En Chihuahua el recuerdo de La Boquilla sigue vivo. Aquel conflicto de 2020, provocado por decisiones autoritarias de la administración de López Obrador, demostró que el campo sabe defenderse cuando el poder central quiere imponer su voluntad sobre el territorio.

Pero lo que hoy sucede tiene un alcance mayor; ya no son sólo los distritos de riego del centro-sur: ahora se han sumado regiones completas, sectores productivos enteros y miles de ciudadanos que ven en esta reforma un nuevo intento de despojo desde el centro.

¿De verdad quiere el gobierno federal enfrentarse al único sector que todavía sostiene la balanza alimentaria del país? ¿De verdad pretende imponer una reforma torpe, precipitada y profundamente centralista sin escuchar a quienes serán afectados directamente? La resistencia no es un capricho, es un grito de supervivencia.

Los legisladores morenistas de Chihuahua enfrentan una presión creciente, ya no hay espacio para simulaciones ni discursos ambiguos. O defienden a su estado o cargarán la factura política de haberle dado la espalda al campo.

Los productores de hoy ya no son los invisibles de ayer, están organizados, están cansados y están dispuestos a defender lo suyo.

Y si el gobierno federal decide avanzar sin diálogo, sin escuchar y sin corregir, lo que podría estallar no será una protesta controlable, sino una verdadera revuelta rural.
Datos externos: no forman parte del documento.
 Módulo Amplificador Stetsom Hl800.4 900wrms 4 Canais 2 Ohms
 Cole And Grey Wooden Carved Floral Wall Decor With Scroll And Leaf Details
Porque cuando el campo deja el tractor y toma las carreteras, cuando los productores cierran aduanas, cuando los transportistas se suman y cuando los pueblos indígenas alzan la voz junto a ellos, el país deja de funcionar.

Las reformas de la 4T han encendido una mecha en el campo mexicano y ningún estado como Chihuahua muestra con mayor claridad dónde está el verdadero corazón del conflicto: no se trata de política partidista, sino de la defensa del agua, de la tierra y del derecho a producir. 

Los campesinos no piden privilegios; exigen respeto. Y hoy lo exigen con la fuerza de quienes saben que sin agua no hay vida, sin vida no hay campo y sin campo no hay nación.

Si el gobierno federal decide convertir el agua en castigo, no debe sorprenderse cuando el campo responda con la única fuerza que le queda: la unidad y la resistencia.